Author
Najma Ali SOOMRO,* Suresh Kumar Oad RAJPUT,** and Ishfaque Ahmed
SOOMRO*
Abstract
Predictions regarding returns and price movements in financial markets can be made using online search engines, which track the sentiments of individual investors. This study aims to analyse how the sentiments of Bitcoin investors impact changes in the American stock market returns. The Bitcoin sentiment index was created to benchmark the sentiments of Bitcoin investors from 2013 to 2018. This index is built by analysing terms from leading business magazines and online journals. Such an index measures potential investors’ sentiments about Bitcoin and how those sentiments impact S&P returns. We use the ordinary least squares method to analyse this. It was found that BSI has a negative impact on S&P returns. Furthermore, the Vector Autoregressive (VAR) model is used to determine the relationship between these economic time series. VAR results indicated a significant positive impact of S&P returns on BSI, while BSI could not predict S&P returns.

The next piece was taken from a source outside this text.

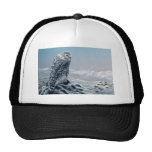 Looking for prey, Snowy Owl Hat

Consequently, it can be concluded that S&P returns cause changes in BSI. Recognising that Bitcoin sentiment can offer valuable insights and guidance for retail investors during market downturns, much like the S&P 500. By tracking changes in the S&P 500, analysts can anticipate shifts in cryptocurrency market sentiment and take preventative measures when needed. Understanding this relationship is crucial for assessing systemic risks, as volatility in traditional markets can impact the crypto space.